On 9/1/2010 6:03 PM, Mike Desjardins wrote:

Yes, and your application's consumer secret ends with the following
characters: jOU

I obviously know the entire string and have the good sense not to
reveal it here.  The point is, it's trivially easy for me or anybody
else to unzip your "packaged download" and get your secret. You didn't
need to send it to me.  I can now start spoofing your chrome extension
in my Twitter client.  I can use your secret to spam the crap out of
people, and the folks at Twitter will eventually revoke the key,
rendering your chrome extension useless to your users.

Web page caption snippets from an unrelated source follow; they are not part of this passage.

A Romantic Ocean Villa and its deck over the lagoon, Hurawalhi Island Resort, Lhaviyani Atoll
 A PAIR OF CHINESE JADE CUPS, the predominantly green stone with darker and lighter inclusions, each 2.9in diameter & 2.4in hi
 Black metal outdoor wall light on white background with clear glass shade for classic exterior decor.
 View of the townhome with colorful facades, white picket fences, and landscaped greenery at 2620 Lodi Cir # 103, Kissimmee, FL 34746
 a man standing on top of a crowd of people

And rendering the key useless to the spammer. Besides, if I'm a spammer what makes more sense to me: hijacking consumer key combos one by one and spamming them to the point of cancellation or developing a way to get hundreds of my own keys to do the spamming (again, ignoring the fact that you need user tokens to spam along with those "stolen" consumer key combos). That is unless you assume that spammers are doing it just to screw with programmers and not to make a profit. Is oAuth absolutely safe? No, of course not. No computer, outside of the one locked in a building with no internet connections, outside power sources, or walls, is safe. But oAuth is definitely safer at least from the point of view of the user who only has to worry about shutting off a single app as opposed to changing their password.